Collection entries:
▽

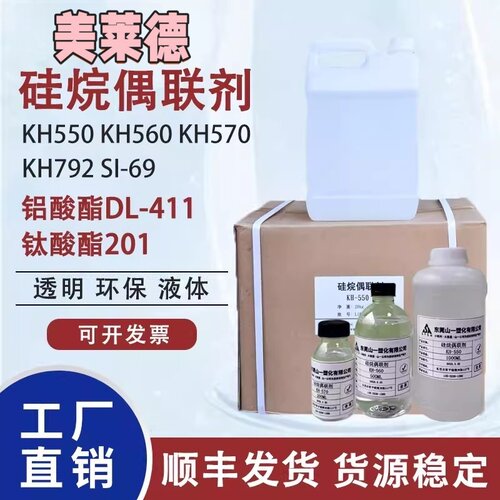 硅烷偶联剂KH550/KH560/KH570/SI69钛酸酯偶联剂201铝酸酯偶联剂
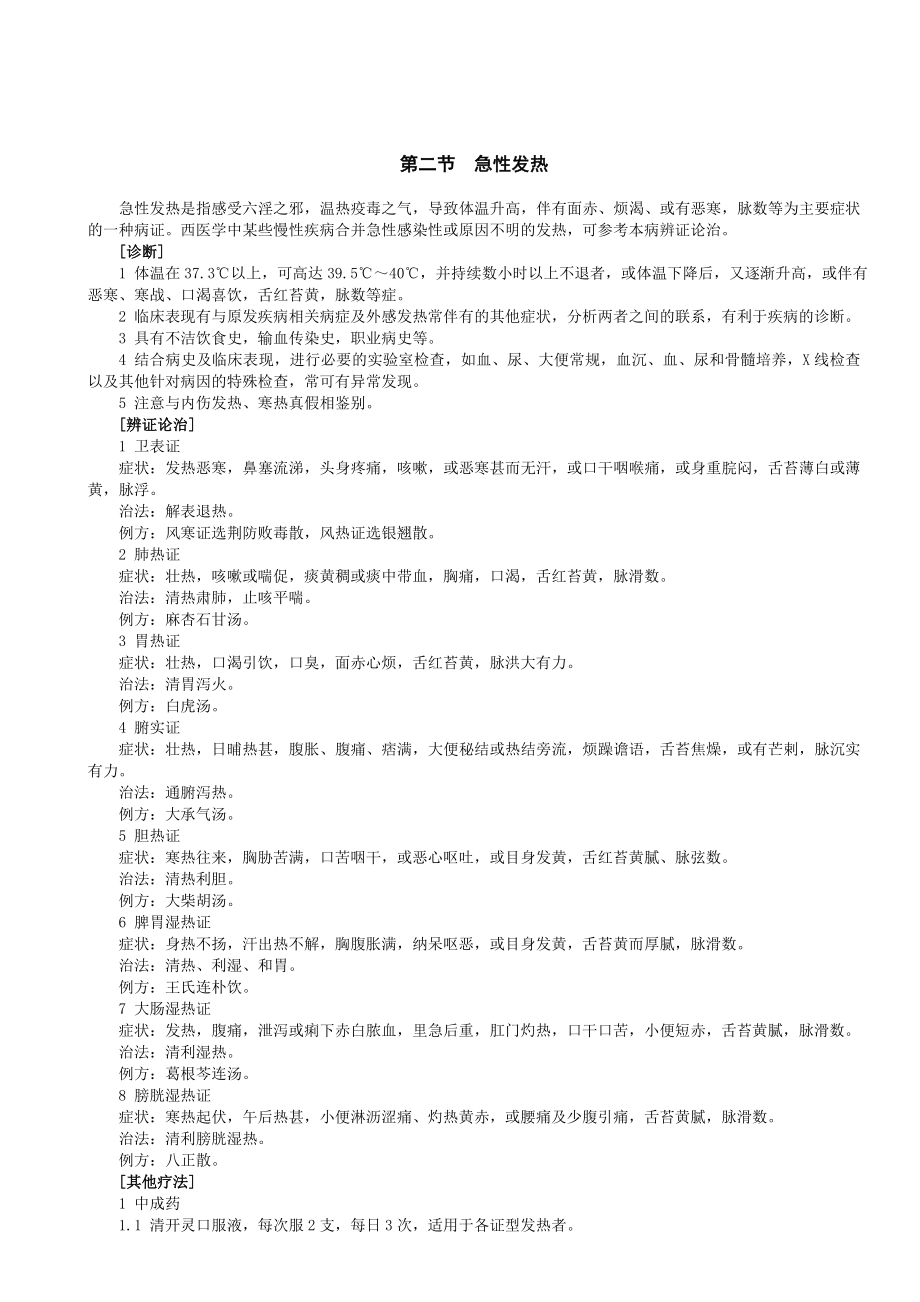 中医内科疾病诊疗常规.doc_第2页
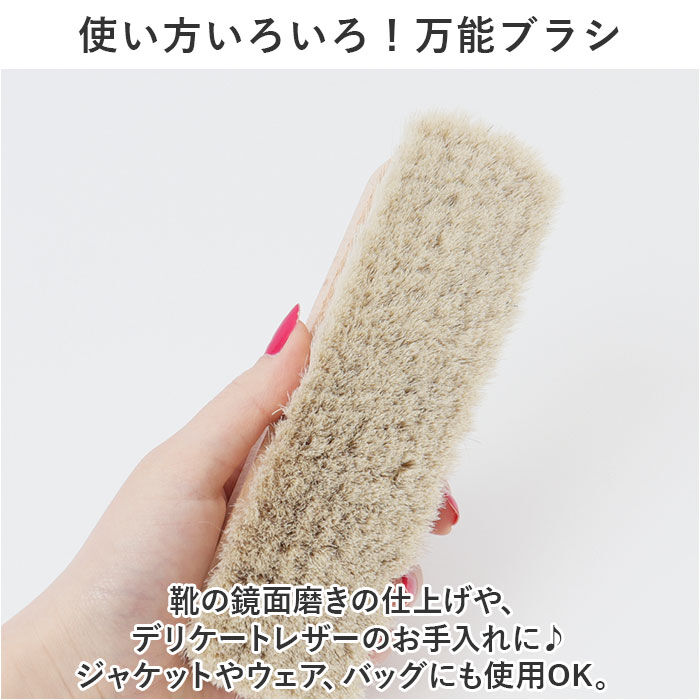 BACKYARD FAMILY「靴 ブラシ ドイツ製 楽天 ゴートヘア 山羊毛ブラシ 靴ブラシ 靴用ブラシ 靴磨きブラシ 靴みがき」|シューケア|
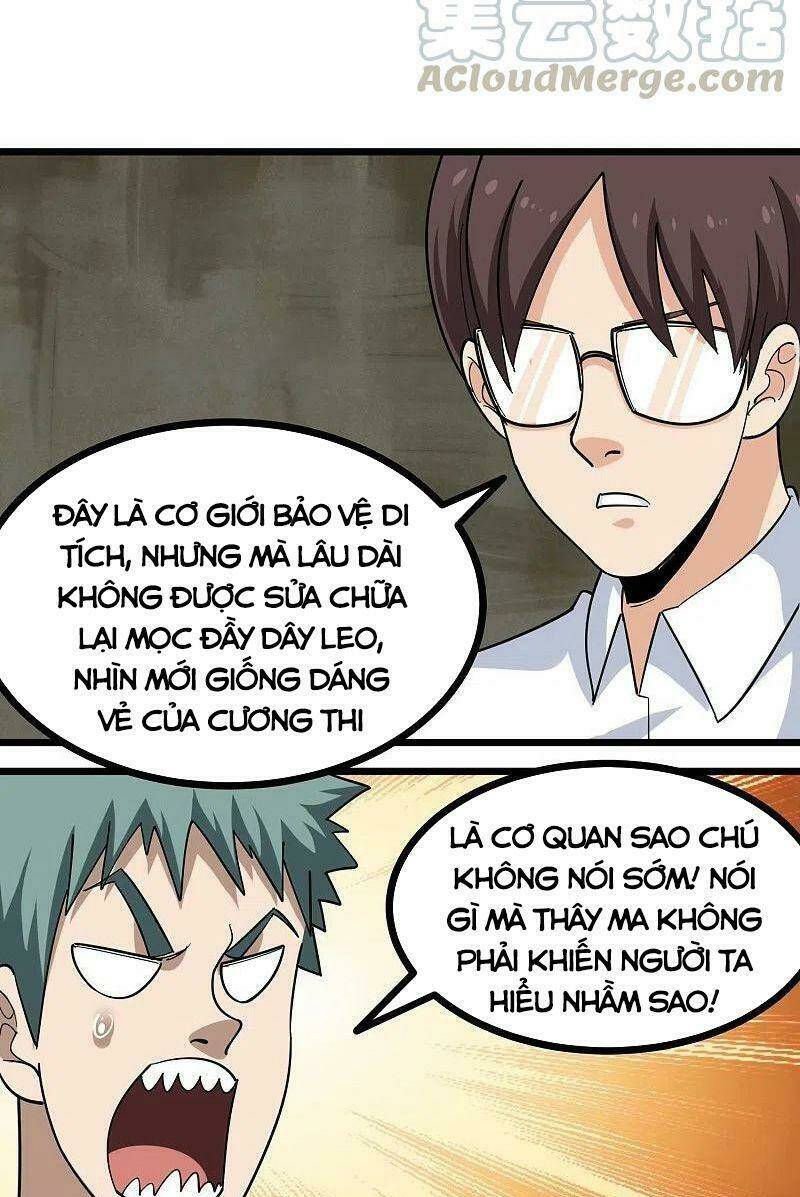 Hộ Hoa Cao Thủ Tại Vườn Trường: Chapter 264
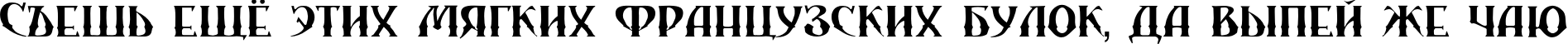 Пример написания шрифтом SibTrade TYGRA текста на русском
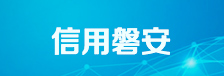 信用磐安
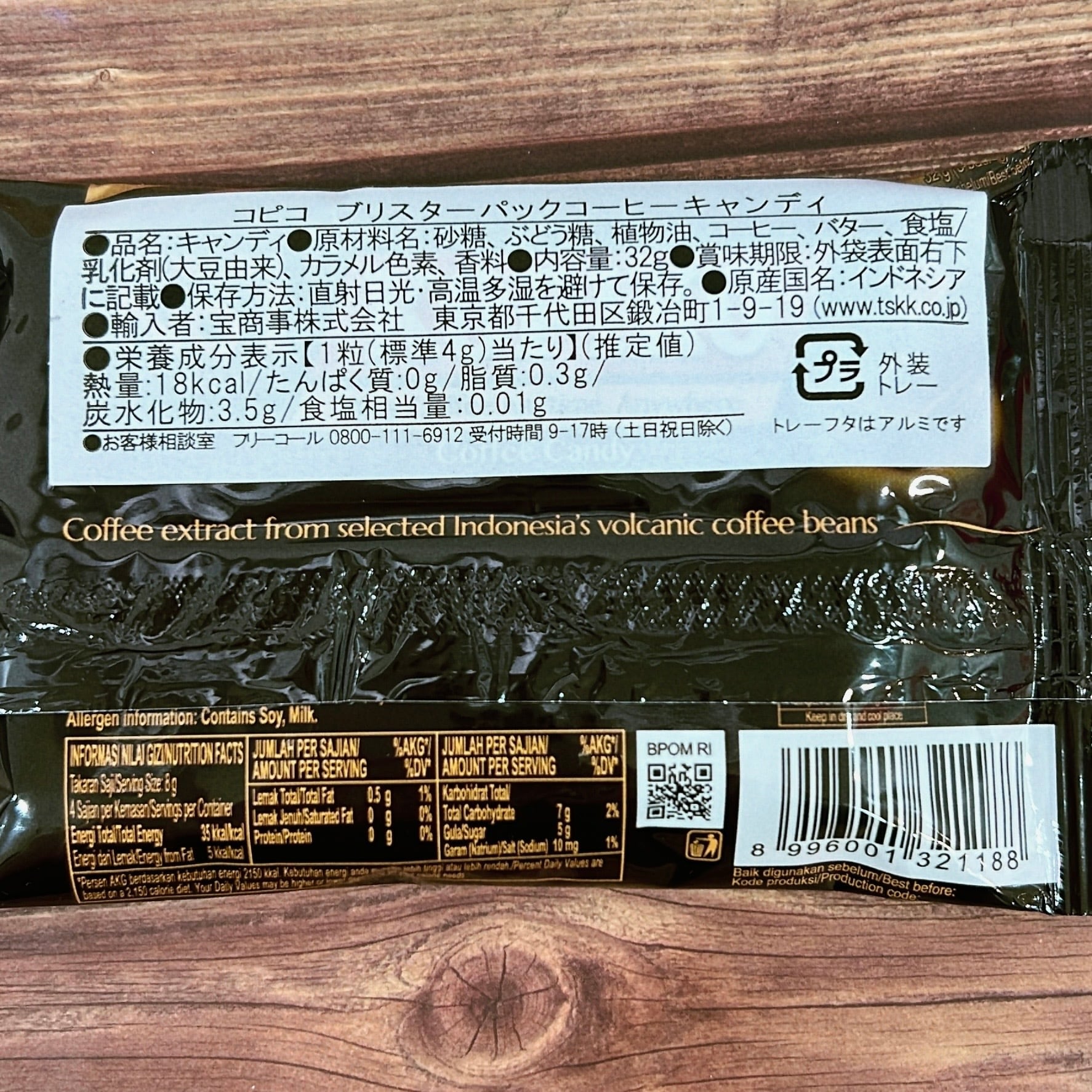 fb7927cdbf9687448eb23ec8392de7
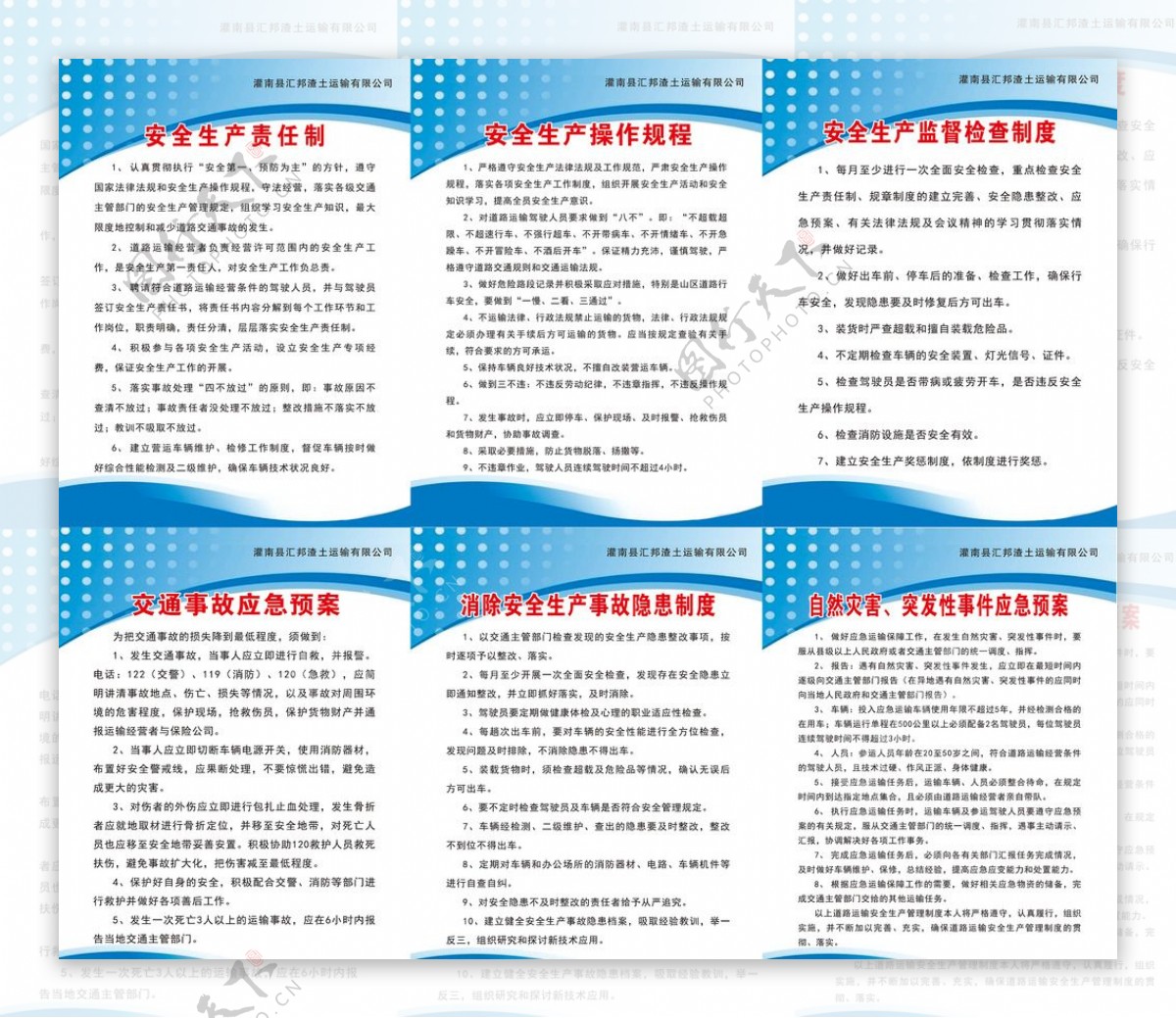 制度牌安全生产操作规程监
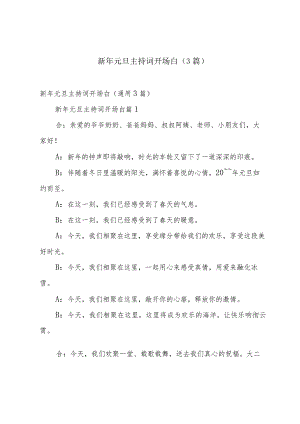 新年元旦主持词开场白（3篇）.docx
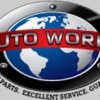 Auto World Salvage & Sales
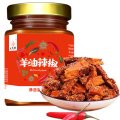 羊油辣椒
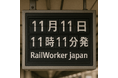 【11月11日11時11分発】一般社団法人 RailWorker Japan 設立― 鉄道から世界へ。“経済ではなく幸せで動く社会”を実現する世界初の挑戦 ―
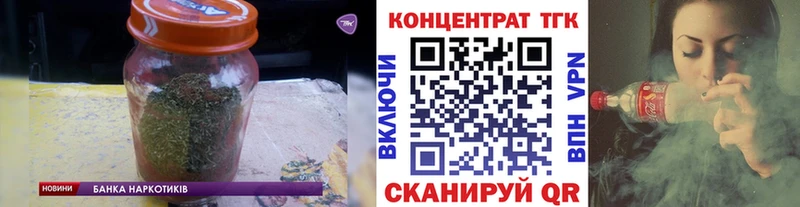 Купить закладки  Шумиха  Дистиллят ТГК THC oil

△

#### Aim of the task:
Verbatim, write out the line containing "制度牌安全生产操作规程监" and all later lines through the end of the records, leaving every picture out.

#### Task solution:
 制度牌安全生产操作规程监
 新年元旦主持词开场白（3篇）.docx
 Auto World Salvage & Sales
 羊油辣椒
 【11月11日11時11分発】一般社団法人 RailWorker Japan 設立― 鉄道から世界へ。“経済ではなく幸せで動く社会”を実現する世界初の挑戦 ―
 Купить закладки  Шумиха  Дистиллят ТГК THC oil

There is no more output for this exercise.